* [Instructions for the task]: Repeat exactly the lines of the records below, starting at the line containing "英超为何被称为最强联赛 竞争力背后的秘密揭秘 英超为何被称为最强联赛" and ending at the line containing "[upl. by Chicky]". Leave the pictures out.

* [Source data]:
□ □ □ □

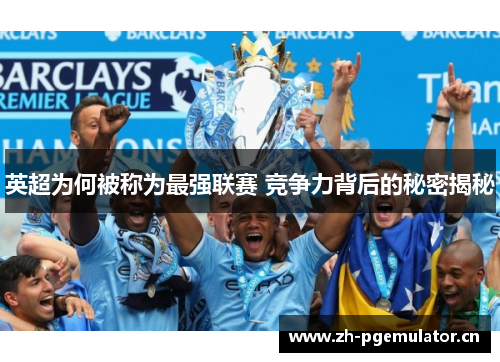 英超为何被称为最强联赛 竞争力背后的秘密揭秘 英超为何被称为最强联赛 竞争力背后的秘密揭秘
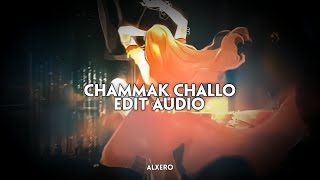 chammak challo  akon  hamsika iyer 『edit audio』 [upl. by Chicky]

□ □ □ □

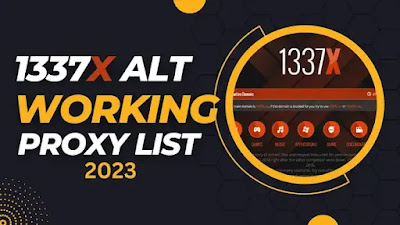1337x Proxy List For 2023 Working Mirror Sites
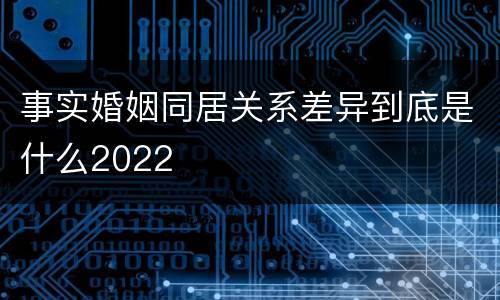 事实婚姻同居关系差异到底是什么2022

□ □ □ □

* [Task output]:
 英超为何被称为最强联赛 竞争力背后的秘密揭秘 英超为何被称为最强联赛 竞争力背后的秘密揭秘
 chammak challo  akon  hamsika iyer 『edit audio』 [upl. by Chicky]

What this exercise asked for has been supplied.